:: Available data
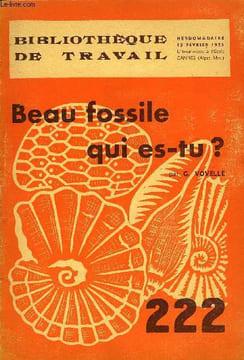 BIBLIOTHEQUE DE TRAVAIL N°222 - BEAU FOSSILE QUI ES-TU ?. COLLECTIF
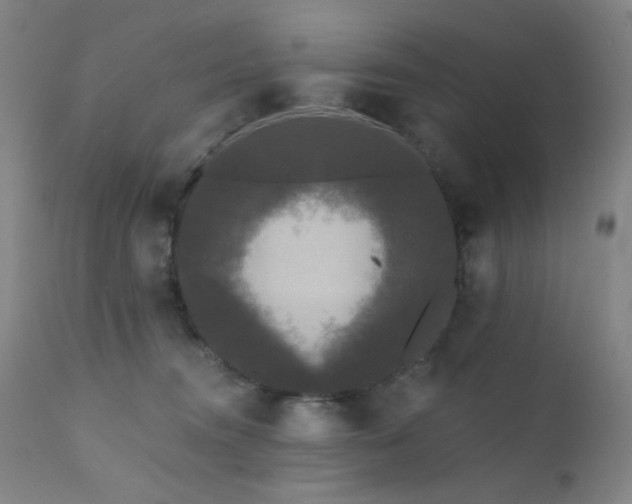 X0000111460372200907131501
::::
:: Available data
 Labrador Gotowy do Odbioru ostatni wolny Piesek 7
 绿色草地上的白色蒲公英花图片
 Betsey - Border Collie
::::
:: Available data
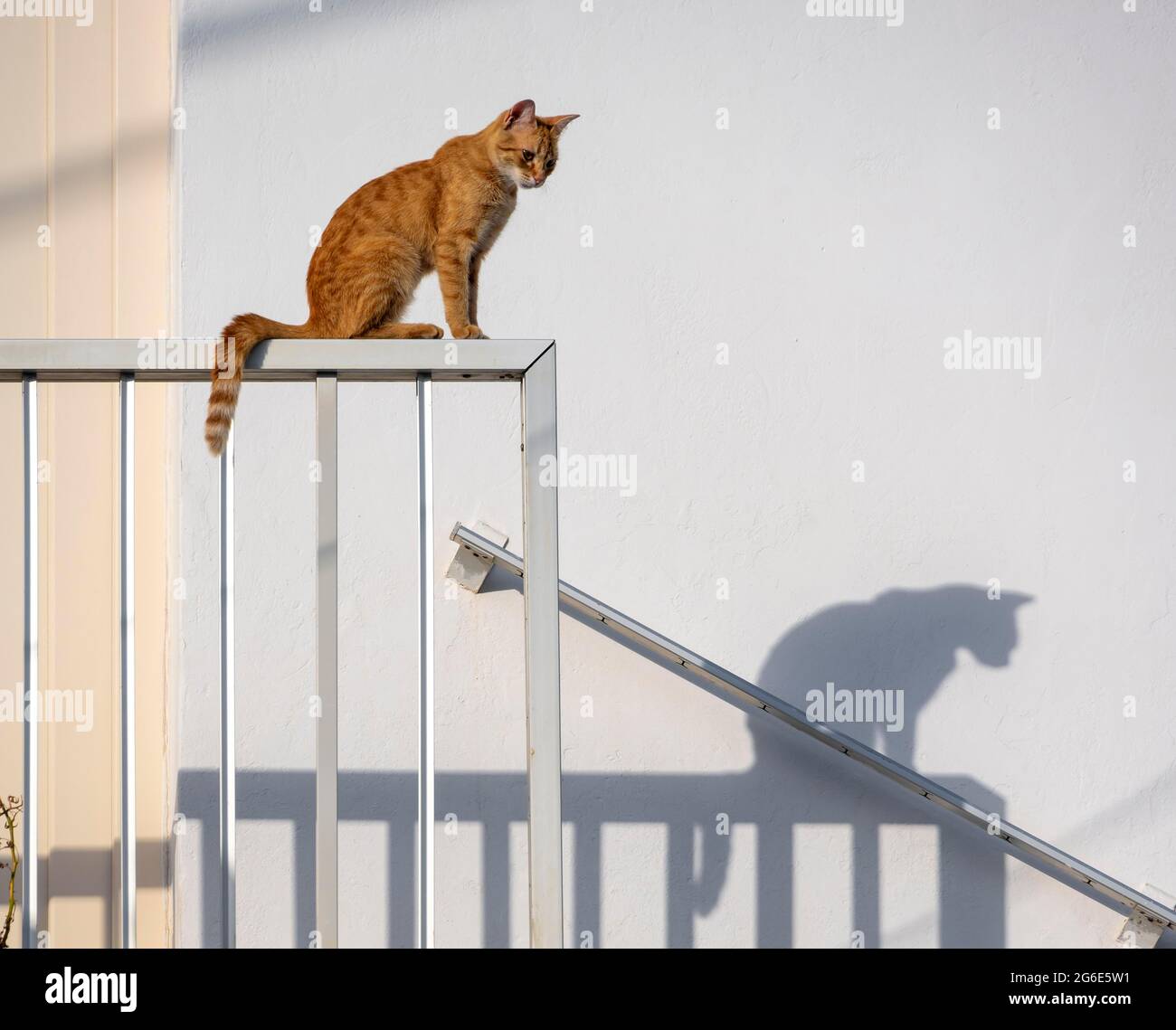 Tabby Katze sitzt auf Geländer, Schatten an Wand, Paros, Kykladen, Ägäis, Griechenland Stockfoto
::::
Your goal: Reproduce exactly the lines of the records above from the one with "Labrador Gotowy do" to the one with "Betsey - Border Collie", both included, and leave out everything else.

Exercise solution:
 Labrador Gotowy do Odbioru ostatni wolny Piesek 7
 绿色草地上的白色蒲公英花图片
 Betsey - Border Collie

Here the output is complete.